- **Exercise input**
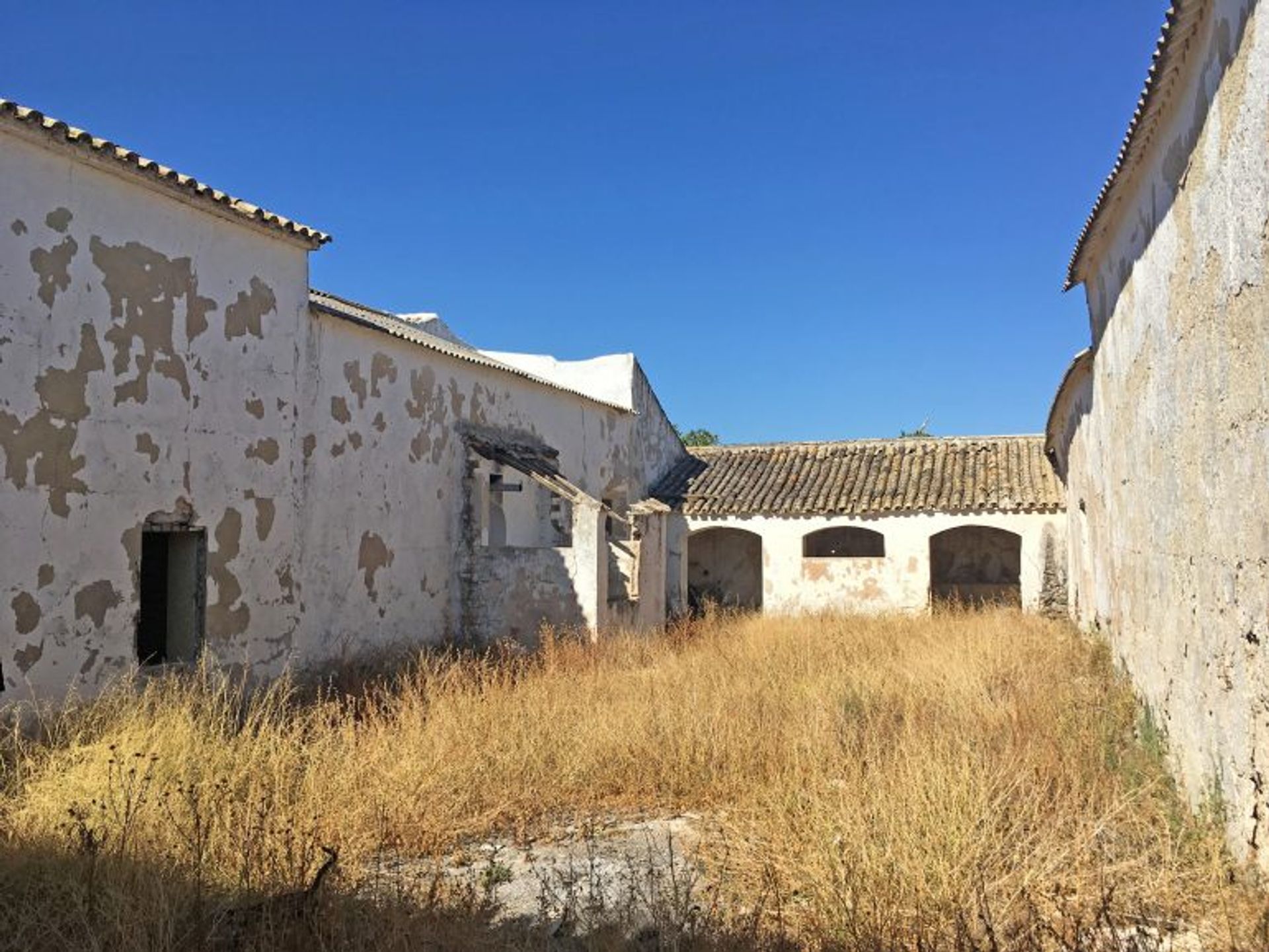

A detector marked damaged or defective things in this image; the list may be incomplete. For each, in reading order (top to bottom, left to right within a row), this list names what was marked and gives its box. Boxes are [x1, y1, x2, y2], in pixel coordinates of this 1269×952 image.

peeling plaster wall [0, 130, 311, 694]
peeling plaster wall [685, 515, 1061, 618]
peeling plaster wall [1061, 0, 1269, 861]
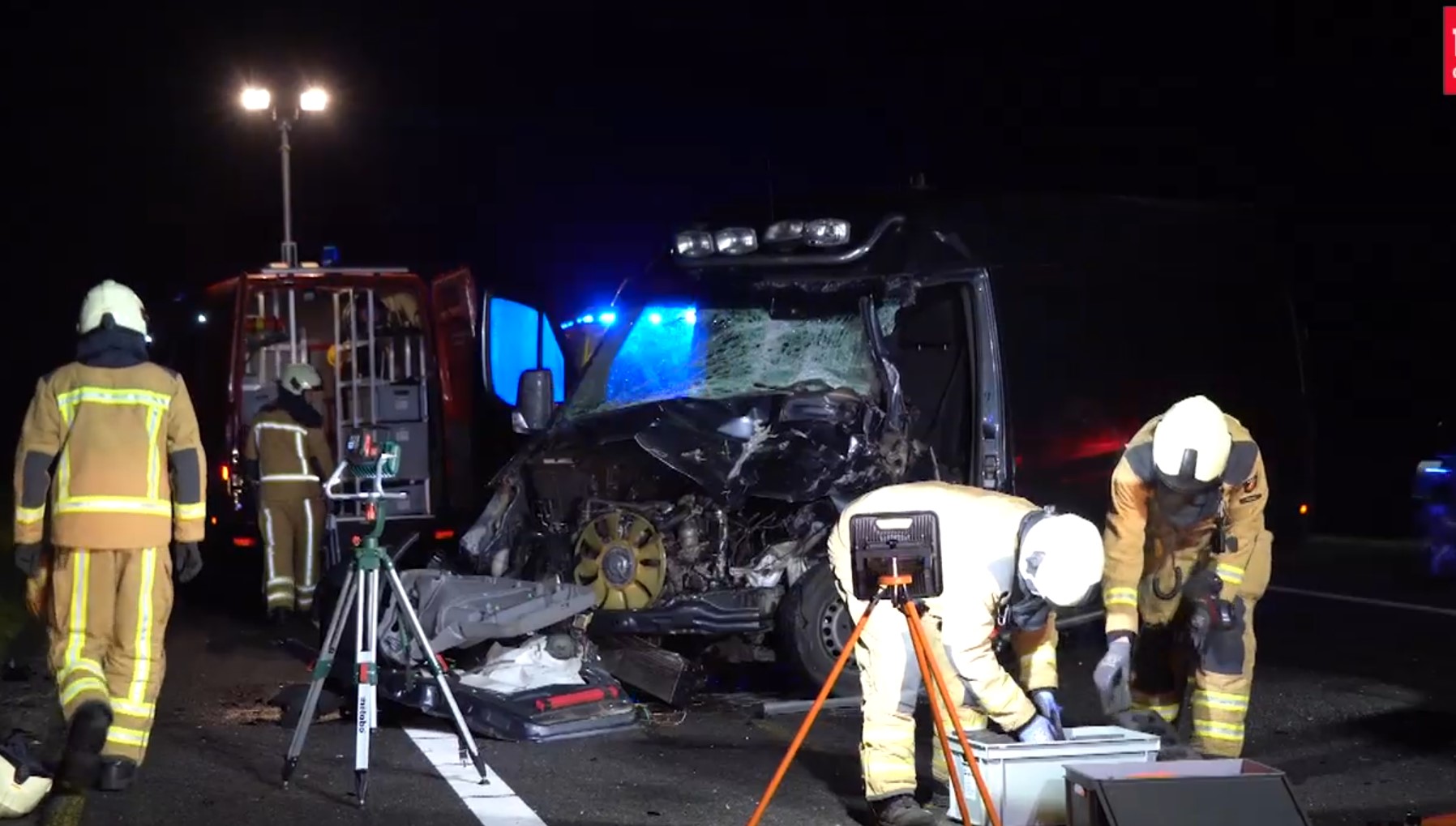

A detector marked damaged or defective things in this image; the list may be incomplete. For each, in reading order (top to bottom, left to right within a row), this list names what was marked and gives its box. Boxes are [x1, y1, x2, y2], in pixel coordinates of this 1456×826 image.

shattered glass windshield [559, 300, 891, 419]
smashed windshield [559, 302, 891, 419]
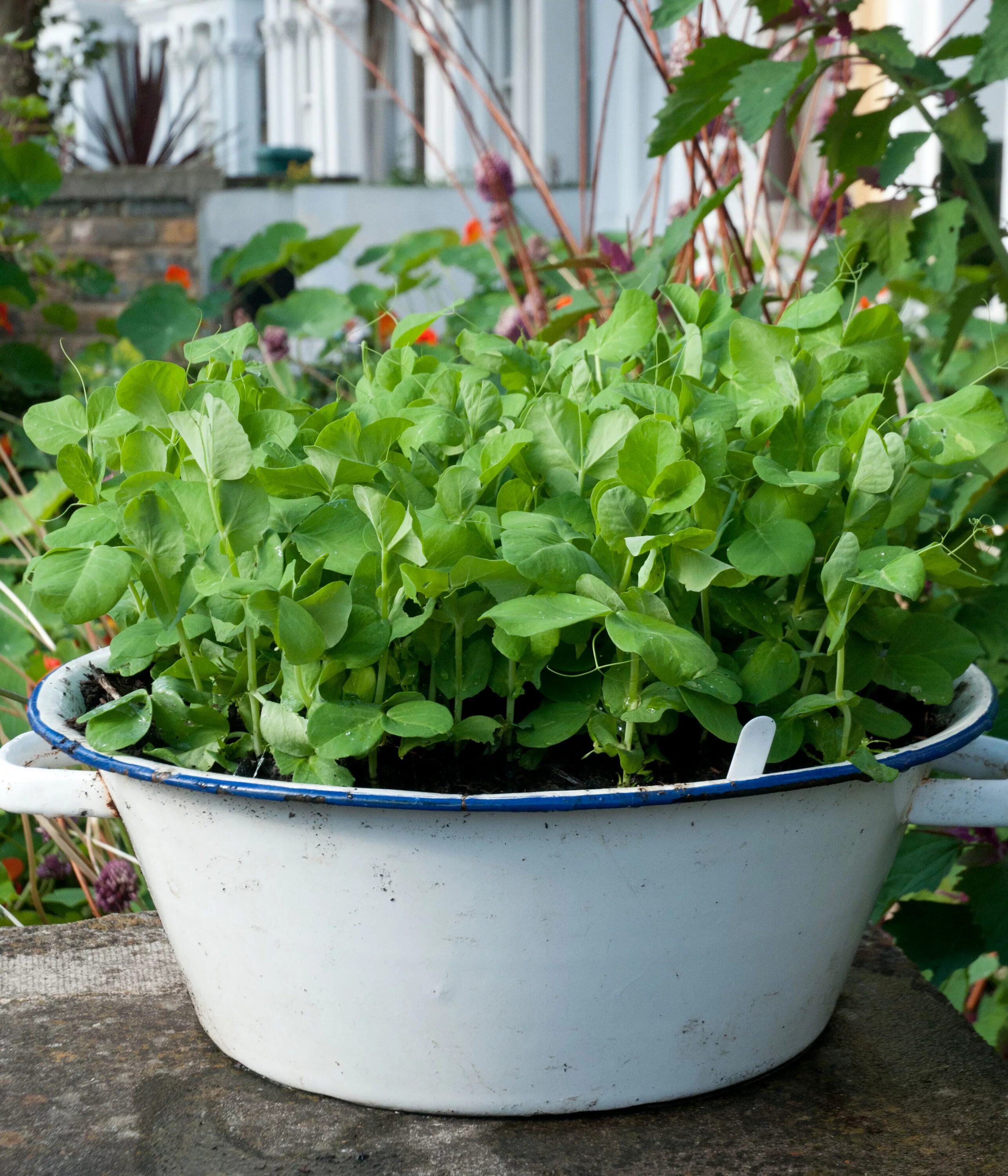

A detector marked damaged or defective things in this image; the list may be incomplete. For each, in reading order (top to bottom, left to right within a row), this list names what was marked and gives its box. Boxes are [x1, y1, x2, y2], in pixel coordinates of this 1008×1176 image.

chipped enamel on rim [27, 649, 993, 814]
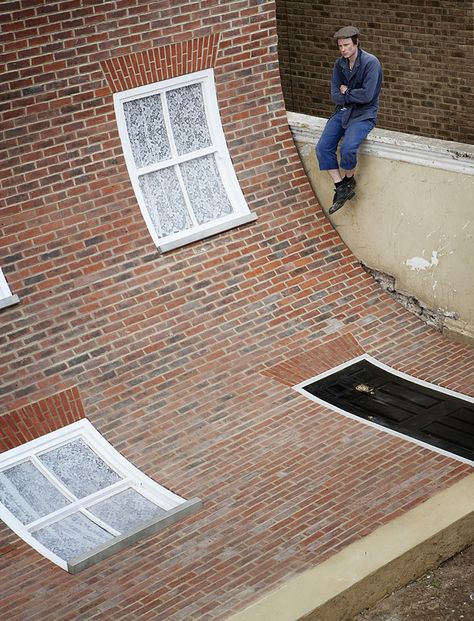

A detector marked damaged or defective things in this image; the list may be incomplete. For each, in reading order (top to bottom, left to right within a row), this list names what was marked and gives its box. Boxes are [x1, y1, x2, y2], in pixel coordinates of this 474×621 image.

peeling paint patch [406, 251, 438, 270]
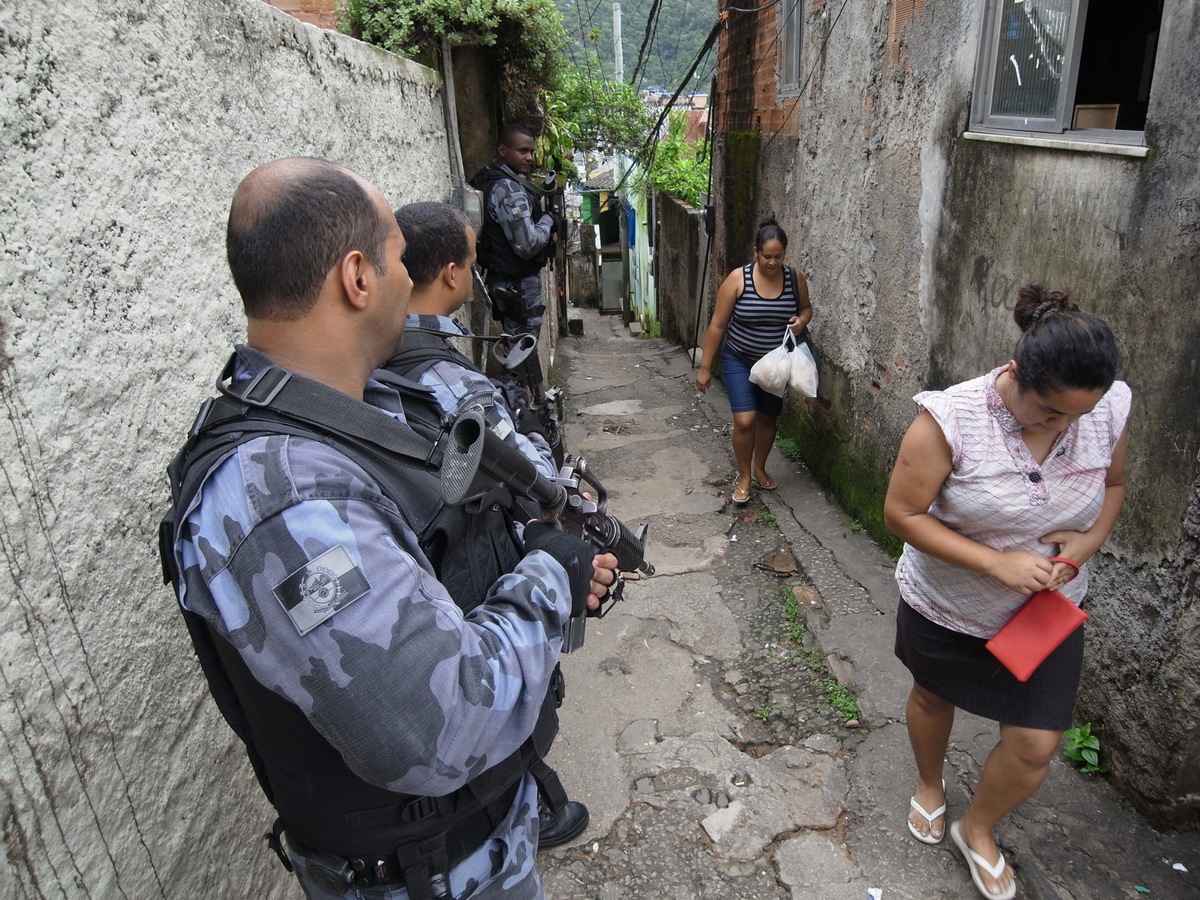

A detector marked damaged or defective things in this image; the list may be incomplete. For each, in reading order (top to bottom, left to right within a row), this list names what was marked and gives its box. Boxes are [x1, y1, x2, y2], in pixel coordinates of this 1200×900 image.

cracked concrete pavement [537, 309, 1200, 900]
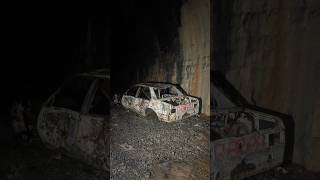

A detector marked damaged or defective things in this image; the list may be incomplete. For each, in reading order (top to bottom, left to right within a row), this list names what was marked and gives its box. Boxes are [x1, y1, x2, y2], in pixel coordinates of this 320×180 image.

rusted car [37, 69, 110, 172]
abandoned car [37, 69, 110, 172]
burnt car body [37, 69, 110, 172]
rusted car [120, 83, 199, 122]
abandoned car [120, 83, 199, 122]
burnt car body [120, 83, 199, 122]
rusted car [212, 71, 284, 180]
abandoned car [211, 71, 286, 180]
burnt car body [211, 71, 286, 180]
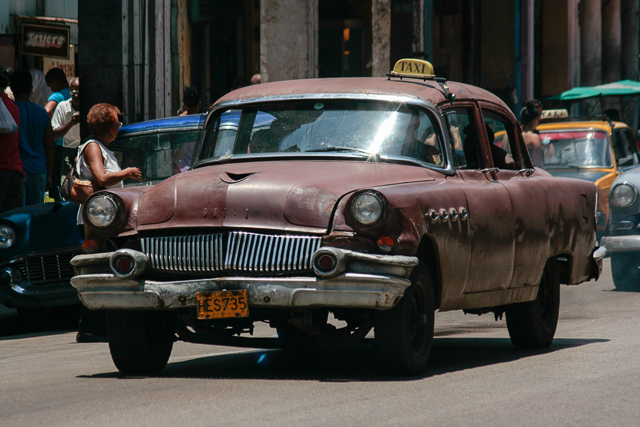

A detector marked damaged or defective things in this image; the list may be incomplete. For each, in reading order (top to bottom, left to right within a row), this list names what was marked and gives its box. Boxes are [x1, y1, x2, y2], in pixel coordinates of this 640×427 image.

rusty brown car [71, 59, 604, 374]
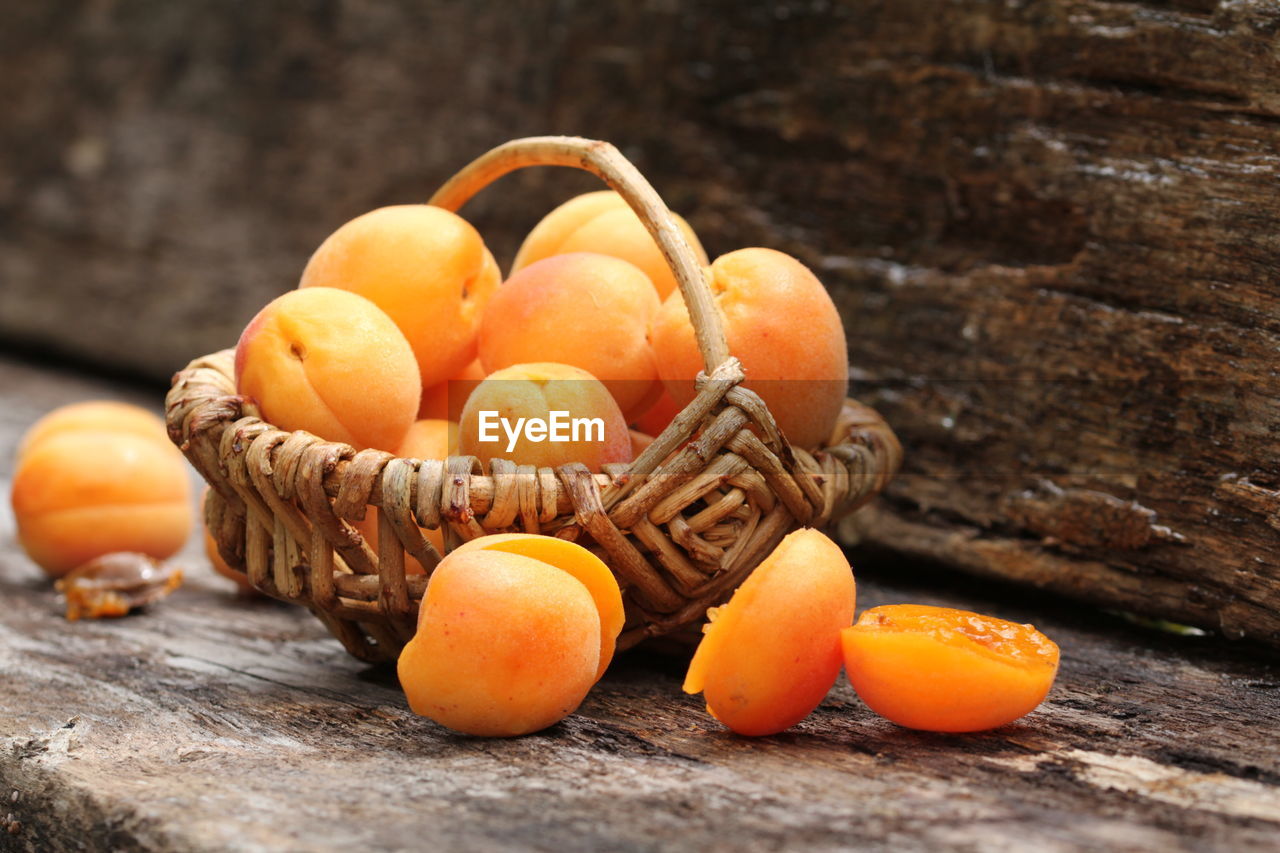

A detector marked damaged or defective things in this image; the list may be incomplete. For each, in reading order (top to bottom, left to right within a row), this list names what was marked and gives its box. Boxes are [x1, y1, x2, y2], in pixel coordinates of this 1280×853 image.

broken apricot piece [399, 548, 599, 732]
broken apricot piece [450, 532, 624, 676]
broken apricot piece [686, 525, 855, 732]
broken apricot piece [839, 601, 1059, 727]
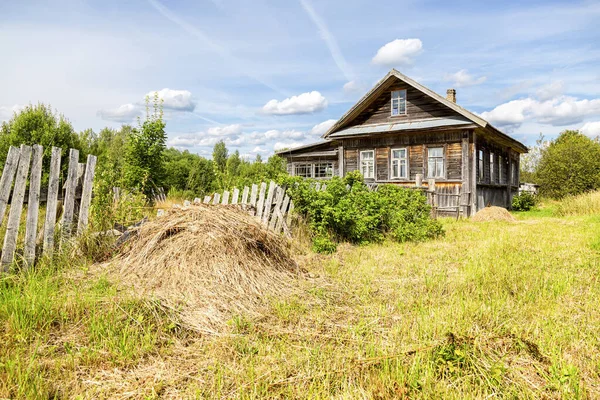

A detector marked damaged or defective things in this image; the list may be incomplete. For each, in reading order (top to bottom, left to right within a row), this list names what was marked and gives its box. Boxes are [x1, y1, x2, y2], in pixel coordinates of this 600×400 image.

broken fence slat [0, 146, 19, 230]
broken fence slat [1, 144, 31, 268]
broken fence slat [23, 144, 43, 266]
broken fence slat [43, 148, 61, 256]
broken fence slat [61, 148, 79, 239]
broken fence slat [77, 153, 96, 234]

- **Activity**
Every entry above needs to be duplicated precisely, and none of the pictures should appear.

- **Solved exercise**
A detector marked damaged or defective things in this image; the list may be incomplete. For each, in reading order (top to bottom, left to right within a row), this list names what was marked and gives its box. Boxes are [x1, y1, x2, y2], in pixel coordinates of this 1269×952 image.

peeling plaster wall [0, 130, 311, 694]
peeling plaster wall [685, 515, 1061, 618]
peeling plaster wall [1061, 0, 1269, 861]

A detector marked damaged or defective things in this image; the list may be incomplete. For each, in reading order (top to bottom, left to right within a row), this list names what was marked and gives its box. Boxes are [x1, y1, x2, y2], in pixel coordinates of this 1456×826 image.

shattered glass windshield [559, 300, 891, 419]
smashed windshield [559, 302, 891, 419]

A detector marked damaged or defective things in this image; the list may be incomplete. For each, in reading order (top to bottom, left to right within a row), this list names what was marked and gives its box. Boxes are [x1, y1, x2, y2], in pixel coordinates of this 1008×1176 image.

chipped enamel on rim [27, 649, 993, 814]

A detector marked damaged or defective things in this image; the list may be incomplete. For each, in reading order (top to bottom, left to right within a row), this list names what was marked and gives its box. Boxes are [x1, y1, x2, y2], in pixel coordinates of this 474×621 image.

peeling paint patch [406, 251, 438, 270]

A detector marked damaged or defective things in this image; the list may be incomplete. For each, in reading order (top to bottom, left to right within a row), this list names what was marked and gives its box. Boxes are [x1, y1, x2, y2], in pixel coordinates of this 1200×900 image.

cracked concrete pavement [537, 309, 1200, 900]

A detector marked damaged or defective things in this image; the list may be incomplete. For each, in reading order (top to bottom, left to right within a row), this list names what was marked and gives its box. Boxes are [x1, y1, x2, y2], in pixel coordinates of this 320×180 image.

rusted car [37, 69, 110, 172]
abandoned car [37, 69, 110, 172]
burnt car body [37, 69, 110, 172]
rusted car [120, 83, 199, 122]
abandoned car [120, 83, 199, 122]
burnt car body [120, 83, 199, 122]
rusted car [212, 71, 284, 180]
abandoned car [211, 71, 286, 180]
burnt car body [211, 71, 286, 180]

A detector marked damaged or defective things in this image; the list may be incomplete. For each, in reading order (top to bottom, left to right within a row), this list names what was marked and gives its box. Boxes are [x1, y1, x2, y2], in pixel coordinates of this 640×427 image.

rusty brown car [71, 59, 604, 374]

A detector marked damaged or defective things in this image; the list may be incomplete. For each, in reading order (top to bottom, left to right within a row), this list names what was marked and gives its box. Boxes are [x1, y1, x2, y2], in pixel coordinates of this 1280×853 image.

broken apricot piece [399, 548, 599, 732]
broken apricot piece [450, 532, 624, 676]
broken apricot piece [686, 525, 855, 732]
broken apricot piece [839, 601, 1059, 727]

A detector marked damaged or defective things in this image; the list may be incomplete. For each, in reading order (top to bottom, left to right within a row), this list names what was marked and gives its box. Boxes are [x1, y1, x2, y2], in pixel coordinates of this 600×400 image.

broken fence slat [0, 146, 19, 230]
broken fence slat [1, 144, 31, 268]
broken fence slat [23, 144, 43, 266]
broken fence slat [43, 148, 61, 256]
broken fence slat [61, 148, 79, 239]
broken fence slat [77, 153, 96, 234]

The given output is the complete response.